# Lace Up Road Shoe Options?



## metalheart (Sep 3, 2010)

My Sidi 5 Genius are showing some wear and I am going to retire them to winter riding. For late Spring through early Fall riding I am looking for a lace up shoe that is not too narrow. I wear a 44 in the Sidi and my foot measures about 4" at its widest point and some charts suggest that is a "D" or average size. However, I know from experience that a wider toe box works better for me for a variety of reasons. I have never adjusted my Sidi's while riding and I like the idea of using laces for my style of riding. I use Speedplay cleats.

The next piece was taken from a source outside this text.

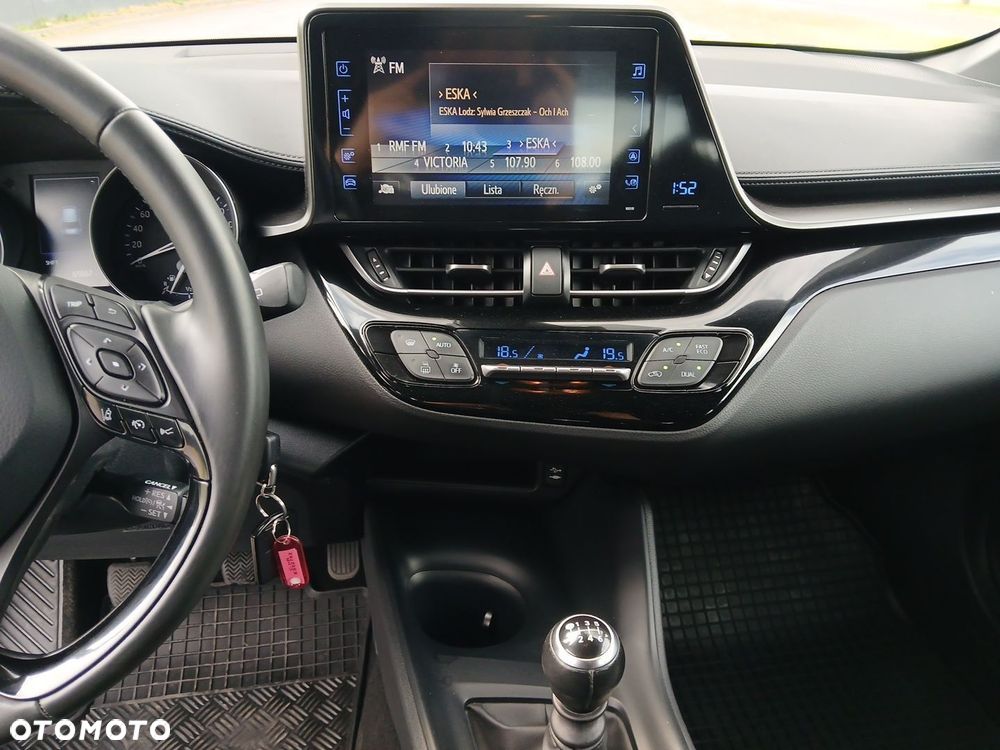 Toyota C-HR 1.2 T GPF Premium - 33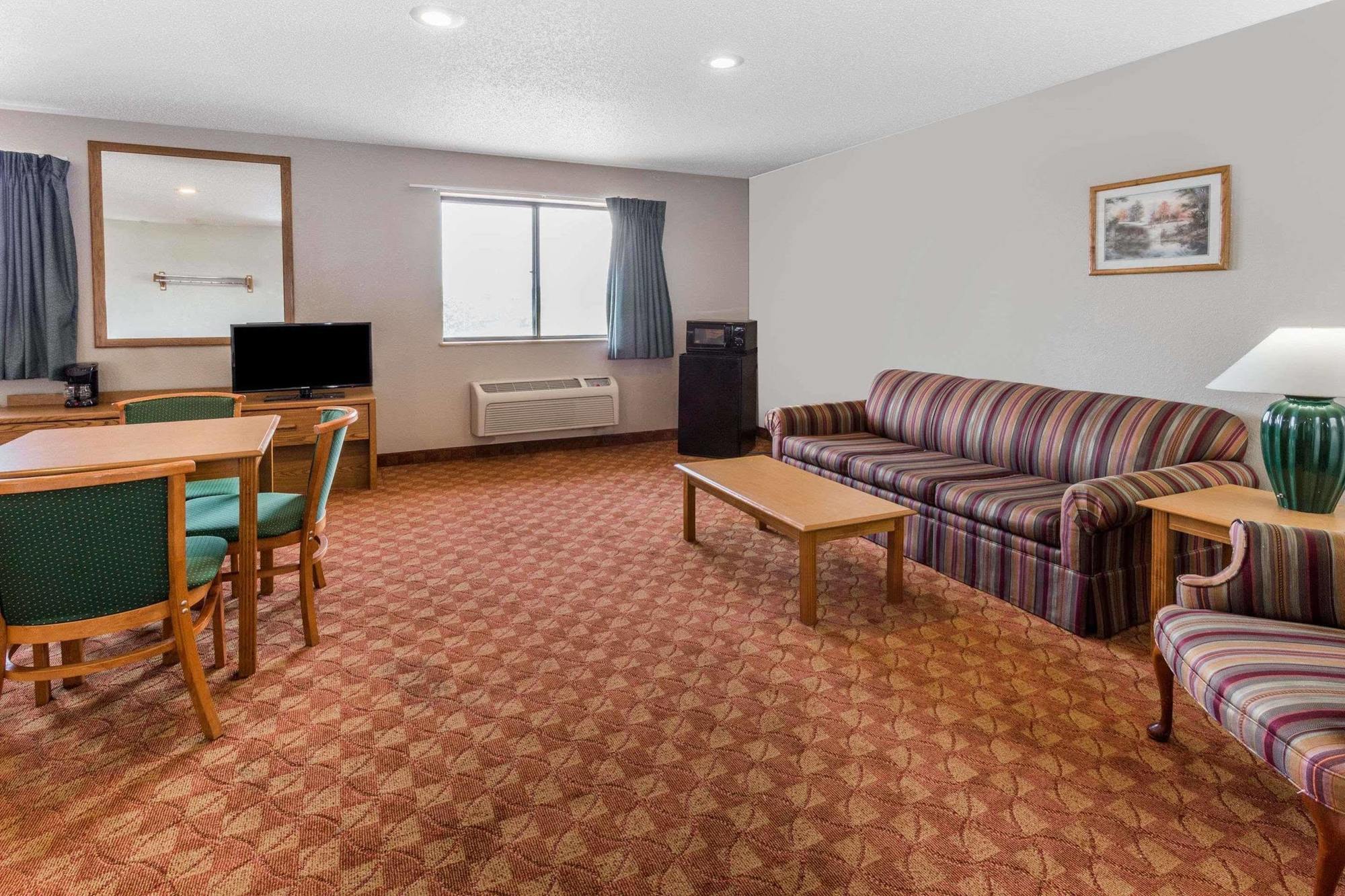 Super 8 By Wyndham St. Charles Hotel Saint Charles Kültér fotó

The lace up options I know about are:

Giro Empire ACC - supposed to be wider that other Empire styles
Garneau 84 -- unknown, don't care for the color schemes
Shimano S Works Sub6 -- supposed to have a wider toe box
Dromarti -- I have seen a pair of these and they are very nice, but unknown toe box so I sent them an email. Image Below
Vittoria Classic -- unknown to me.
Bontrager Classique -- no info
Quoc Pham Night --- new shoe, no info

Any experience with these lace-up shoes (Quoc Pham excepted) or are there others to consider that have a wider toe box?


----------



## Mr Pink57 (Mar 30, 2011)

I have the Giro Republic LX shoes which are similar to the ACC's you have listed, I also have the Empire VR90s from Giro and well the Alpineduro's. The shoes are all quite comfy but I have them all in different sizes. The VR90s I have in a 43.5, the Republic in a 44 and the Alpines in 45, width is not too much of an issue with a lace up shoe since you can tighten them as much or as little as you want. Also laces can well be laced different have a look at Ian's Shoelace site to create a better fitting shoe or to relieve a pressure area.


----------



## tka (Jun 11, 2014)

Specialized S-Works Sub6 

I have no direct experience with the Sub6 but I've used Expert Road and S-Works XC shoes and find they have a roomier toe box than most other shoes.


----------



## metalheart (Sep 3, 2010)

I tried on the Sub 6 and it felt very nice, enough room in the toe box and a tight heel fit, very light. I also tried on the ACC Giro and it was a bit less room in the toe box, but probably enough room after some riding and stretching. I inquired about the Vittoria and received no reply from the rep. I asked several questions via email about the Dromarti and they were very responsive and helpful. I was about ready to pull the trigger on those when I noticed the Bontrager Clqssique was on sale. I could not find a Classique locally, but tried on what appeared to be a similar fit Bongrager and it seemed fine. With a 30 day money back guarantee and about 1/2 price (they are about 139 now) i could not resist and ordered a size 44. For about $150 I could not be happier. The sole is very stiff, the shoe is well ventilated, and the uppers have what appears to be a nice synthetic material. I have worn them for a couple hundred miles and they meet all my expectations. I was prepare to spend more and happy to pay less......


----------



## Corey213 (Jan 11, 2013)

Dang, those look nicer in person than in the ads. Thanks for the review on them!


----------



## Mandre82 (Jan 22, 2016)

metalheart said:


> I tried on the Sub 6 and it felt very nice, enough room in the toe box and a tight heel fit, very light. I also tried on the ACC Giro and it was a bit less room in the toe box, but probably enough room after some riding and stretching. I inquired about the Vittoria and received no reply from the rep. I asked several questions via email about the Dromarti and they were very responsive and helpful. I was about ready to pull the trigger on those when I noticed the Bontrager Clqssique was on sale. I could not find a Classique locally, but tried on what appeared to be a similar fit Bongrager and it seemed fine. With a 30 day money back guarantee and about 1/2 price (they are about 139 now) i could not resist and ordered a size 44. For about $150 I could not be happier. The sole is very stiff, the shoe is well ventilated, and the uppers have what appears to be a nice synthetic material. I have worn them for a couple hundred miles and they meet all my expectations. I was prepare to spend more and happy to pay less......
> 
> View attachment 313930


May we know where did you get them?


----------



## metalheart (Sep 3, 2010)

You can/could get them online direct from Trek, but since the local shop helped me with the fitting in similar Bontrager shoes, I ordered from them for the same sale price (Folsom Bike is the shop).


----------